Directions for this task:
Having located "Teckwe 美甲工具消毒器，用于指甲护理 - 白色 - 查看 8", write out its line and the remaining lines of the material exactly, the last one included, but not the pictures.

Supplied material:
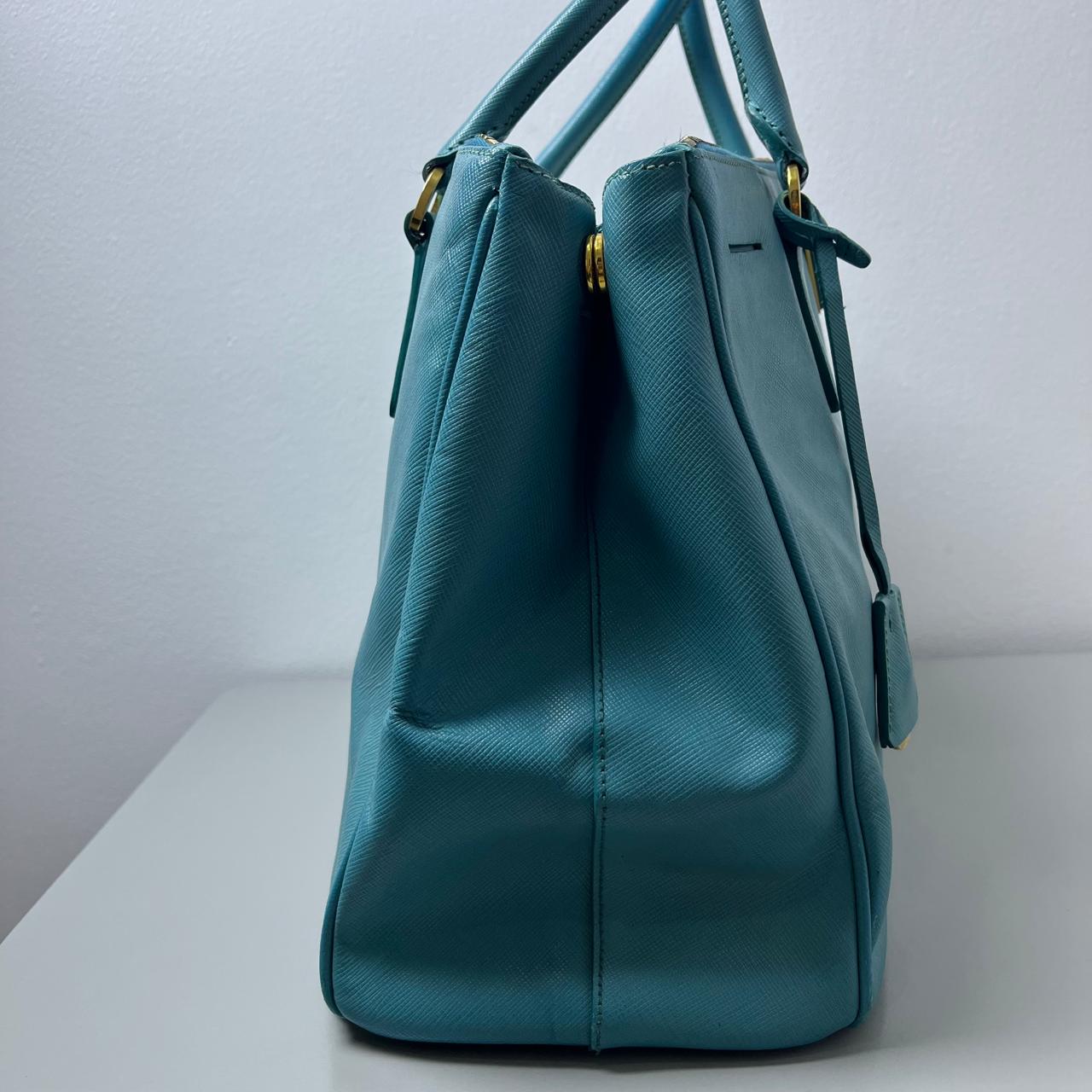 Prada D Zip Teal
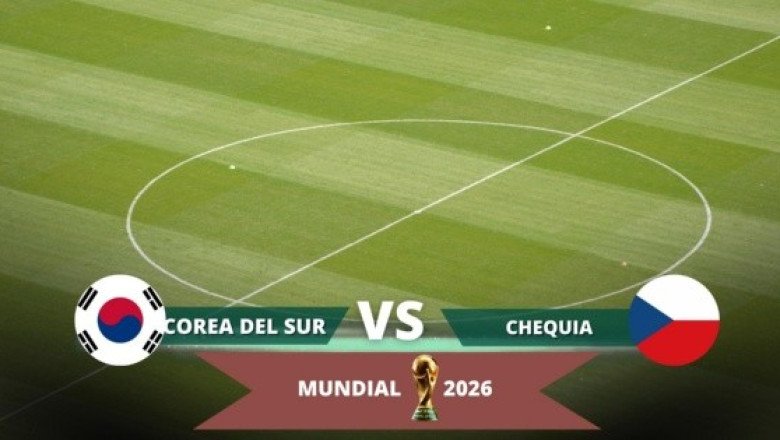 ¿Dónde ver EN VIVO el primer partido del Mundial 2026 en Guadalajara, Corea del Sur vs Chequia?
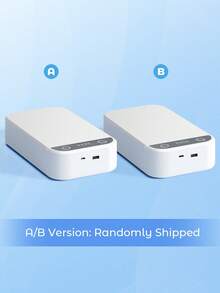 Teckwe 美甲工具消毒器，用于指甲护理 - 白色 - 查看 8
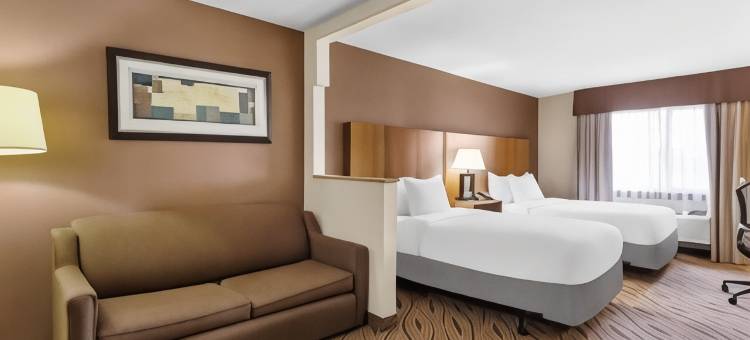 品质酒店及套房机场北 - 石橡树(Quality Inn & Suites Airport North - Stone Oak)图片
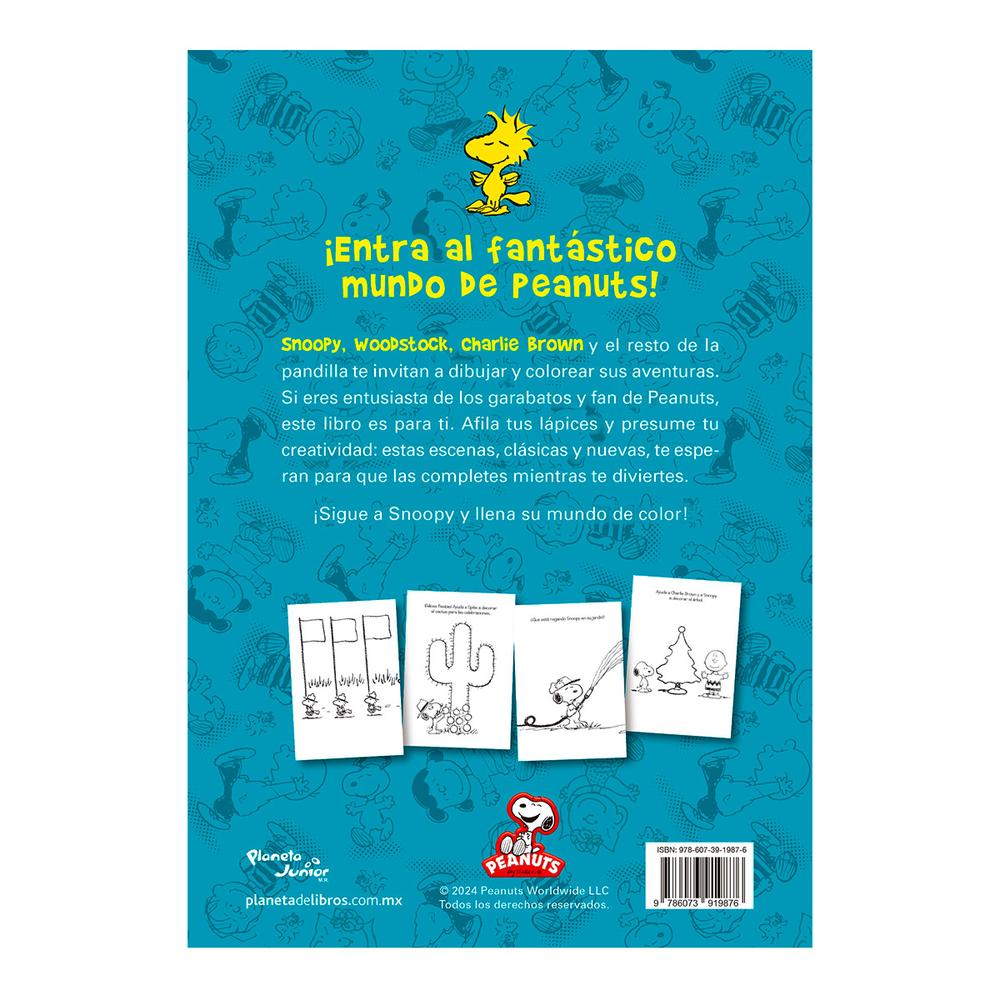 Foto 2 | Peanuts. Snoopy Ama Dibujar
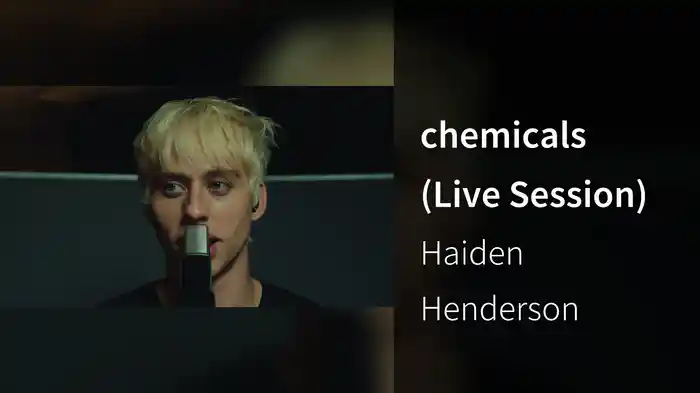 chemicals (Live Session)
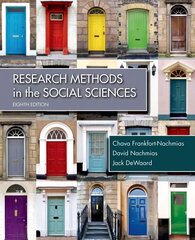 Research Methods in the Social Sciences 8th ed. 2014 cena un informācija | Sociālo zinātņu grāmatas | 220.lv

Answer space:
 Teckwe 美甲工具消毒器，用于指甲护理 - 白色 - 查看 8
 品质酒店及套房机场北 - 石橡树(Quality Inn & Suites Airport North - Stone Oak)图片
 Foto 2 | Peanuts. Snoopy Ama Dibujar
 chemicals (Live Session)
 Research Methods in the Social Sciences 8th ed. 2014 cena un informācija | Sociālo zinātņu grāmatas | 220.lv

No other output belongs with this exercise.